Despite the Arkansas senator’s assertions, no evidence has emerged that cadres of left-wing radicals like Antifa are organizing the vast nationwide protests that at times turn violent. Instead the protesters are mostly ordinary young people fed up with police brutality directed against black Americans, and many of the protests are also aimed at the fecklessness of Trump himself in his handling of the coronavirus pandemic as well as of all the racial inequities that continue to plague the United States.
Cotton goes on to assert that “…Presidents Dwight Eisenhower, John Kennedy and Lyndon Johnson called out the military to disperse mobs that prevented school desegregation.” This is quite disingenuous because it points to cases where governors in the 1950 and 1960s for political reasons refused to enforce federal desegregation laws and presidents had to step in to enforce them. But in the case of the current protests, governors are mobilizing law enforcement and National Guard units to respond to them.

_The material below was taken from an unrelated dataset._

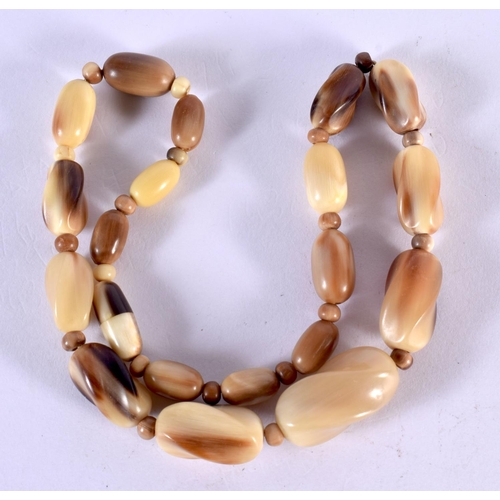 1280 - A CARVED HORN BEAD NECKLACE.  Length 46cm, largest bead 13.8mm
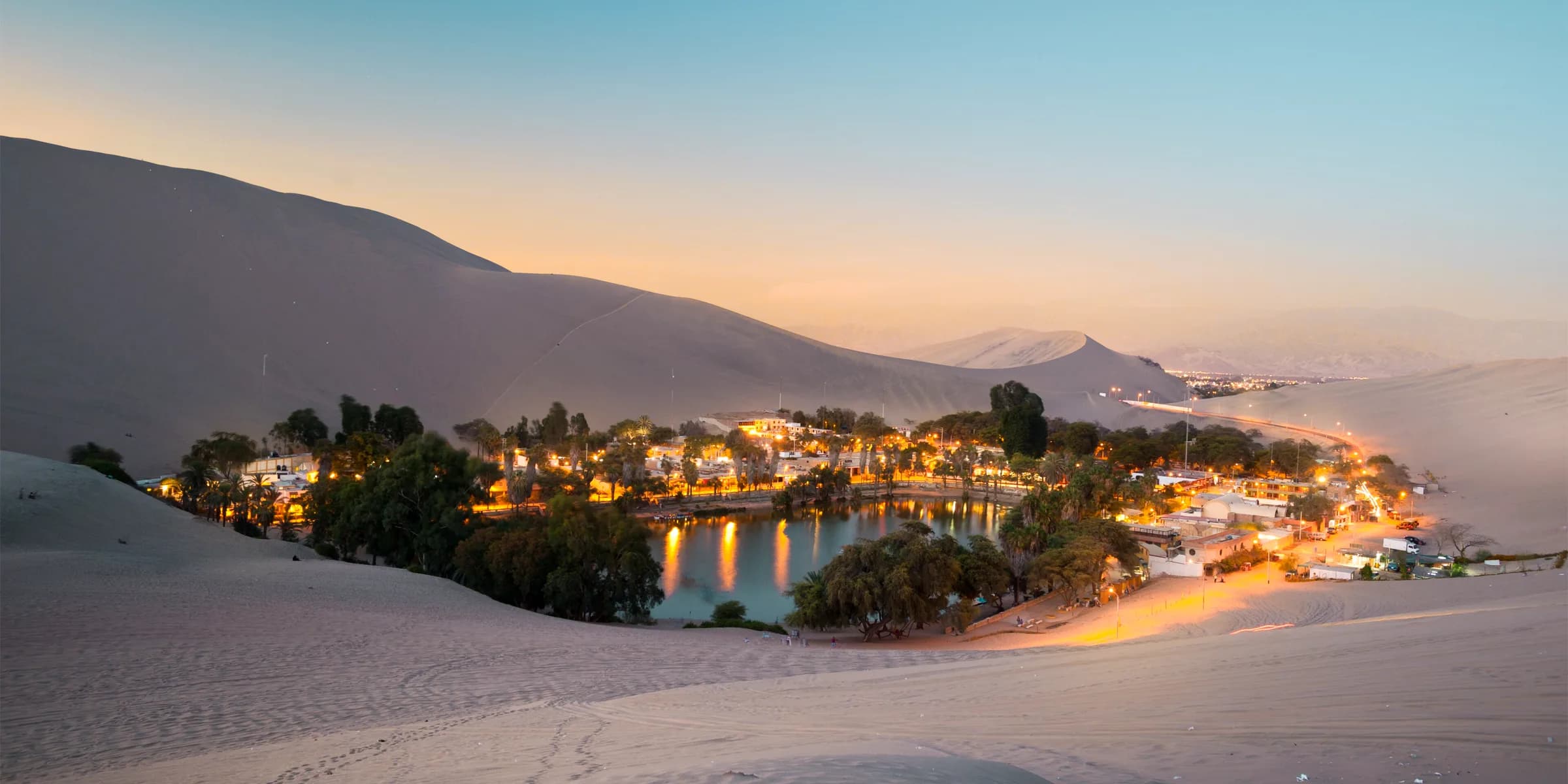 Vista panorámica del oasis de Huacachina iluminado al atardecer entre las dunas de Ica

Cotton’s op-ed has caused a storm of protest inside the New York Times precisely because of its factual inaccuracies and historical analogies that make scant sense. Reporting by the Times had already debunked the notion that the protests were being led by Antifa and some journalists working at the newspaper said that Cotton’s arguments about sending in the troops could even put the lives of black New York Times staff members in danger.
Late Thursday afternoon, a spokeswoman for the Times said the Cotton op-ed was published after a “rushed editorial process” and “did not meet our standards.”